Manchester United 3-0 Stoke City: 3 Lessons
Manchester United cruised to 3-0 victory against lowly Stoke City at Old Trafford. New Potters boss Paul Lambert watched from the shelter of the Ferguson stand with club chairman Peter Coates as torrential rain and hail punctuated the environment he is about to enter. In typically courteous fashion the Red Devils dismantled the visitors and laid all their problems bare for Lambert to see.
Here are three lessons that were on offer for the evening:
The same adjectives are recycled to describe Paul Pogba. He's aggressive, powerful, a complete athlete. While all those things are true, the Frenchman also possesses a skill few can rival. Against Stoke City, the midfielder showcased a cocktail of alluring tricks. These weren't useless spectacles designed purely to entertain. They were as effective as beguiling.
His sparkle on the ball was outdone by demonstrations of his enviable breadth of passing. Cute, sharp passes dovetailed with spraying, Paul Scholes-esque balls that raked over forty yards and triggered another United attack.
Pogba notched two assists on the evening setting up both Antonio Valencia and Anthony Martial. The squared ball across the box for Martial emphasised his remarkable vision. This was the £89 million man at his very best.
Phil Jones and Chris Smalling no match made in heaven
Phil Jones made an outstanding block with the game poised at 1-0. Had Eric Choupo-Moting fired home, the game would've been precariously balanced. As it was the English international bravely threw his body at it. The Stoke player's shot deflected wide.
Not to undermine the brilliance of this block, but it's precisely Jones' game. Last ditch shows of fearlessness, scything tackles and roughness. He is not technically gifted, neither spatially nor tactically aware. He certainly does not possess the concentration necessary in a Manchester United player.
Chris Smalling is no better. Though giving the impression of a ball-playing centre-back, his awareness is lamentable.
Twice Stoke could have scored through Steven Ireland, making his first Premier League start in 18 months. Twice it was because Jones and Smalling failed to form a cohesive partnership. They left acres of space between them, tempting Ireland to make runs into unmarked territory. He obliged. Such defending is criminal.
Stoke obliging opponents
The Potters entered the clash with the worst defensive record in the division. They had conceded the most goals by far and significantly widened the gap between them and Watford, the next most-generous side. United had only to turn up and drop down into second gear.
Praise should be mitigated by this factor. United were devastating at times. Anthony Martial and Antonio Valencia's brilliant finishes and Romelu Lukaku's brute strength in warding off two defenders to bury his were evidence. Still, it was largely down to the soft underbelly the visitors did not even pretend to conceal. Stoke came to Old Trafford with a daring side and was exposed.

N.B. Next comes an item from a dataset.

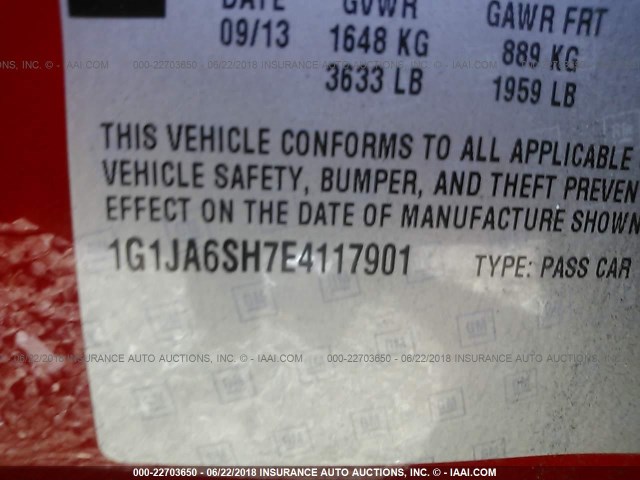 1G1JA6SH7E4117901 - 2014 CHEVROLET SONIC LS 红色 照片 9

The Red Devils swaggered only because they were given the jewelry, baggy jeans, snapback and glittering watch requisite for such a gait. This result should not coat over the stuttering festive period United endured. Rather it must be a catalyst for second-term success. The Red Devils will need momentum to compete for the FA Cup and the Champions League. There is work to be done. A steady win like this will do much for confidence. United owe their opponents a deal of thanks.
Paul Lambert must address this glaring problem if he is to keep Stoke City in the top flight. Organisation must be the mantra; discipline the instruction; Industry the creed, clean sheets the holy grail. The Potters possess the talent offensively but must be functional at the back.